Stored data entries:
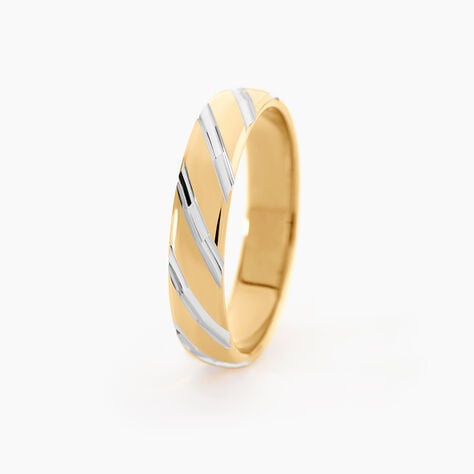 Alliance Strie Fantaisie Demi Jonc Classique Or Bicolore - Alliances duo Unisex | Marc Orian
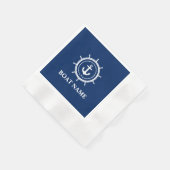 Nautic Boat Name Anchor Rope Helm Blue Cocktail Serviette (Ecke)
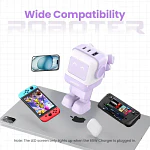 Cargador Robot GAN 65W 1 USB-A + 2 USB-C PURPURA CD361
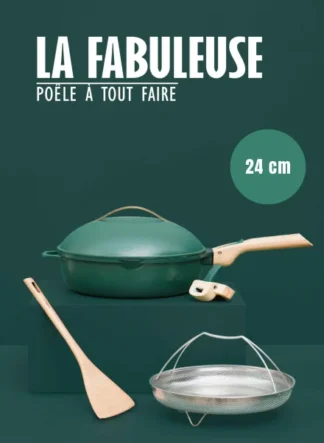 Une Poêle Fabuleuse verte de 28 cm avec couvercle, spatule en bois, passoire et poignée en bois est représentée sur un fond vert foncé avec le texte "La Fabuleuse Poêle à tout faire.
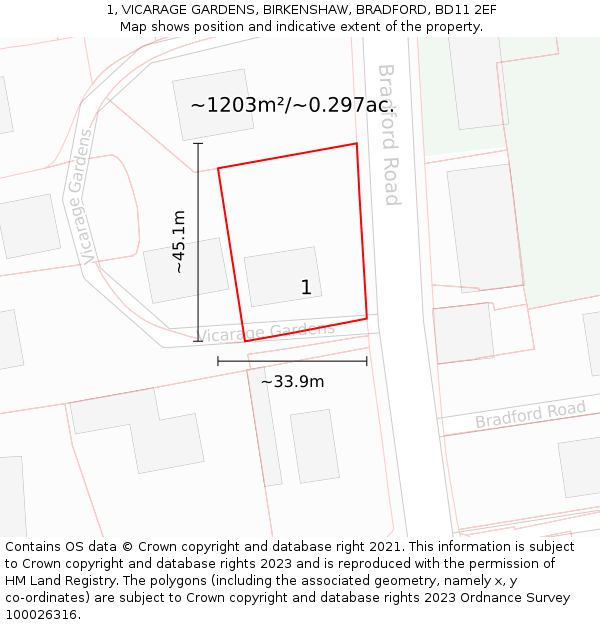 1, VICARAGE GARDENS, BIRKENSHAW, BRADFORD, BD11 2EF: Plot and title map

# WHAT IS REQUIRED:
Please return the lines above exactly, with the pictures omitted.

# ANSWER FOR THIS EXERCISE:
 Alliance Strie Fantaisie Demi Jonc Classique Or Bicolore - Alliances duo Unisex | Marc Orian
 Nautic Boat Name Anchor Rope Helm Blue Cocktail Serviette (Ecke)
 Cargador Robot GAN 65W 1 USB-A + 2 USB-C PURPURA CD361
 Une Poêle Fabuleuse verte de 28 cm avec couvercle, spatule en bois, passoire et poignée en bois est représentée sur un fond vert foncé avec le texte "La Fabuleuse Poêle à tout faire.
 1, VICARAGE GARDENS, BIRKENSHAW, BRADFORD, BD11 2EF: Plot and title map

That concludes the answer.